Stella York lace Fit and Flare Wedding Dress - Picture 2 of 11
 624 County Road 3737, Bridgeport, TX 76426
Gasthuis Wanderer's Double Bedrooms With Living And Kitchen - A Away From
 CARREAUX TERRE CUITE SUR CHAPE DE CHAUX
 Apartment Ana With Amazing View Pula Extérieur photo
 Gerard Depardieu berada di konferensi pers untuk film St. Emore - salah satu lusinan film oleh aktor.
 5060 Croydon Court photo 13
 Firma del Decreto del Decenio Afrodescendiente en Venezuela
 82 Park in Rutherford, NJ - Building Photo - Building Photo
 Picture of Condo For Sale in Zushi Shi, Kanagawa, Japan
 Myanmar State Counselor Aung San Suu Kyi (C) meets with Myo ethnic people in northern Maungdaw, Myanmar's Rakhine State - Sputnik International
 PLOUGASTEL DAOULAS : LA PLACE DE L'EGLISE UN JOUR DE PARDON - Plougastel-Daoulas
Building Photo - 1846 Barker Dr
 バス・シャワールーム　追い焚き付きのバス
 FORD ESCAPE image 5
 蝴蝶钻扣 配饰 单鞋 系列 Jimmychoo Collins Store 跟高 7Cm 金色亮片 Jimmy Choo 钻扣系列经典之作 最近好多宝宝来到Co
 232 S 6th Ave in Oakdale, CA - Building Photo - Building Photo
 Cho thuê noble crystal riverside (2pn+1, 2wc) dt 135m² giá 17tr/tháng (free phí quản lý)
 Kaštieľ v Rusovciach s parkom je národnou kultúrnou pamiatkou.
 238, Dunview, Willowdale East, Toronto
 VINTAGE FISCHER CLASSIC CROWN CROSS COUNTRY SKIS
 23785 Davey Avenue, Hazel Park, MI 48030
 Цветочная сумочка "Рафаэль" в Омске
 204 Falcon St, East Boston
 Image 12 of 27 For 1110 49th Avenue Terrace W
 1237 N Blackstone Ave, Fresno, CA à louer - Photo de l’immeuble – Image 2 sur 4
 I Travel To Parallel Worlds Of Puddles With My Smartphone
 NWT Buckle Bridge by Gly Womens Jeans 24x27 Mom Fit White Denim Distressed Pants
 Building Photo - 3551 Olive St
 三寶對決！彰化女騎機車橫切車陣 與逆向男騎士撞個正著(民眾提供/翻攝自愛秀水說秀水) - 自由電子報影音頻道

--------------------------------------------------

GOAL OF THE EXERCISE >> Wherever the string "Avenue" is found in the listing above, copy the line that contains it.

TASK RESPONSE >>
 23785 Davey Avenue, Hazel Park, MI 48030
 Image 12 of 27 For 1110 49th Avenue Terrace W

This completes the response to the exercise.